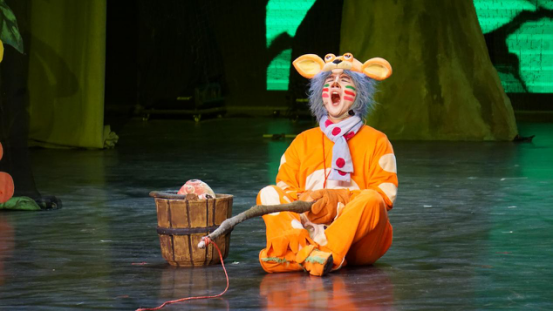 2021大型原创动漫人偶童话剧《小马过河》-郑州站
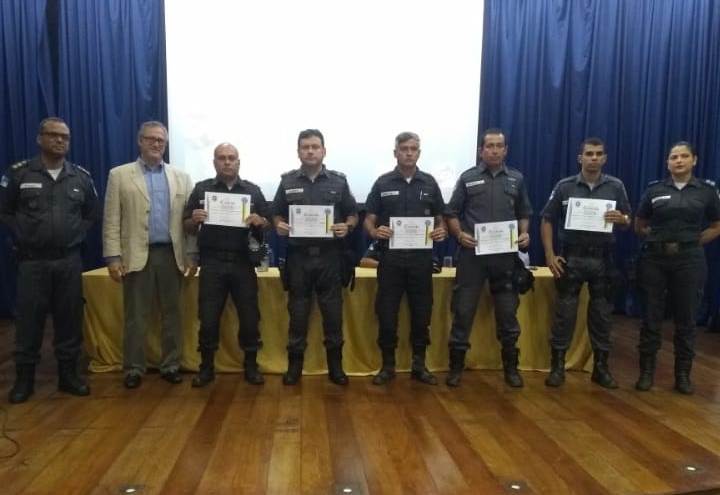 Homenagens para PMs de SJB por melhores ocorrências no segundo trimestre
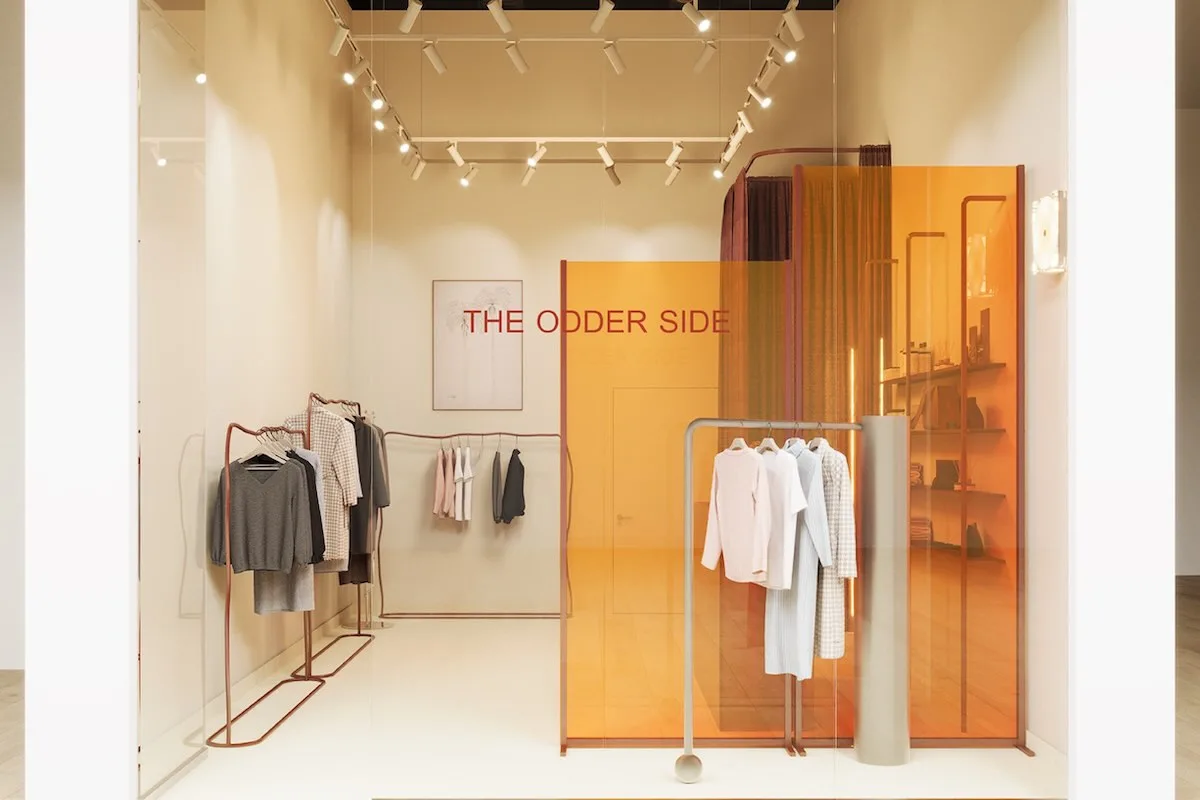 The Odder Side Westfield Mokotów. На фото магазин TOS у Galeria Mokotów.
----------
**WHAT IS EXPECTED**.
Copy the listing verbatim, omitting images.

**PROBLEM SOLUTION**.
 2021大型原创动漫人偶童话剧《小马过河》-郑州站
 Homenagens para PMs de SJB por melhores ocorrências no segundo trimestre
 The Odder Side Westfield Mokotów. На фото магазин TOS у Galeria Mokotów.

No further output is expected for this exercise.